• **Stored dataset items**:
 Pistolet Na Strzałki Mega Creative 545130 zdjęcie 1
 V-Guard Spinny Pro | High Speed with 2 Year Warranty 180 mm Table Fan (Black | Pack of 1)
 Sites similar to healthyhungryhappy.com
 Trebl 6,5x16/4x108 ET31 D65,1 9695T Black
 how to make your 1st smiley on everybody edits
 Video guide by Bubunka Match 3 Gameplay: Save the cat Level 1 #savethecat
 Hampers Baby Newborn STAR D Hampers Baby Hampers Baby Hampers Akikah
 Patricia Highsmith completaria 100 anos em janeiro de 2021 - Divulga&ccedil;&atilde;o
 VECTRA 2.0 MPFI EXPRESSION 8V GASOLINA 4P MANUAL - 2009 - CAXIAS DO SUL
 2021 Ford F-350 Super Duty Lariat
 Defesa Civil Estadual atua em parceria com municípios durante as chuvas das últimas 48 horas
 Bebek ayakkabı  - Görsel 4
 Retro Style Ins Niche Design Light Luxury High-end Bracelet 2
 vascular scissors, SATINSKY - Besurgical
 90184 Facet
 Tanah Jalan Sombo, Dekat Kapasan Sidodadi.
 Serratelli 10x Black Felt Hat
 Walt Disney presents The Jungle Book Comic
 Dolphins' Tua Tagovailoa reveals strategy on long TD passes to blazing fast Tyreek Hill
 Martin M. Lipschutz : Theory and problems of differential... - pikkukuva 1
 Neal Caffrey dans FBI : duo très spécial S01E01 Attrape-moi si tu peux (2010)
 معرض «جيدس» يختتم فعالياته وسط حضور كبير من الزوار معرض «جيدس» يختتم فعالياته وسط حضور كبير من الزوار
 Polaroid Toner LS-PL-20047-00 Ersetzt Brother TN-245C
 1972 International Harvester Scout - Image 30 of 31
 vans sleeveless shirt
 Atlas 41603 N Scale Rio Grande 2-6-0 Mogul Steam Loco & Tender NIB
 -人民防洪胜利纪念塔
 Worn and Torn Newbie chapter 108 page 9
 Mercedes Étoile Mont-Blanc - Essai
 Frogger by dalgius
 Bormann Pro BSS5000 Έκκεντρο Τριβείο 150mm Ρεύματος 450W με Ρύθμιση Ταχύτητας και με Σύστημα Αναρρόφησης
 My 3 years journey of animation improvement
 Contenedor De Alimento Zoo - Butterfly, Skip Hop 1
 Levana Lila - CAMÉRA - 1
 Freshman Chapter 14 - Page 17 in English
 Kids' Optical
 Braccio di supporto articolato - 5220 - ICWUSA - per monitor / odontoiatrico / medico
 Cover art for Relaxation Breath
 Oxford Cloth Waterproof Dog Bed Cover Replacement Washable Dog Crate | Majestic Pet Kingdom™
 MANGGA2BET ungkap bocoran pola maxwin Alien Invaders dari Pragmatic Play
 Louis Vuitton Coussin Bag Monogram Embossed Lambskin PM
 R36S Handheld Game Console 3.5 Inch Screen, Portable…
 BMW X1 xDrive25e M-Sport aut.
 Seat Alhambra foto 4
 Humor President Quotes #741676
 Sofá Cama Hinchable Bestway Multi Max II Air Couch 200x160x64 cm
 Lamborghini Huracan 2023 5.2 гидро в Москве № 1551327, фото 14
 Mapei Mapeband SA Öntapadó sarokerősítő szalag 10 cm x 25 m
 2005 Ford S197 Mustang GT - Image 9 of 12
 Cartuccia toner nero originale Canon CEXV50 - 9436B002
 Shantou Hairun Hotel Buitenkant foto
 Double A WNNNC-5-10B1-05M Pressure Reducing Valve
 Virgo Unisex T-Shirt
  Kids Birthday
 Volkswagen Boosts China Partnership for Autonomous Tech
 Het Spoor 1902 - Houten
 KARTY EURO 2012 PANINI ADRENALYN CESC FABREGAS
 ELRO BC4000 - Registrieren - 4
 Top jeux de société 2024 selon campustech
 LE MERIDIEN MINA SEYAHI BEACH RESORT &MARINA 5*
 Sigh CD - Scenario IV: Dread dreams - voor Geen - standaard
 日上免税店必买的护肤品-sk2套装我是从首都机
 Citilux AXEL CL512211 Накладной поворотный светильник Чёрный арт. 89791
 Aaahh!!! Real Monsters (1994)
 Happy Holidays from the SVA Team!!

• **Instructions for the task**: Lines holding the string "foto" in the records above must be counted; give the number alone.

• **Result for this task**: 2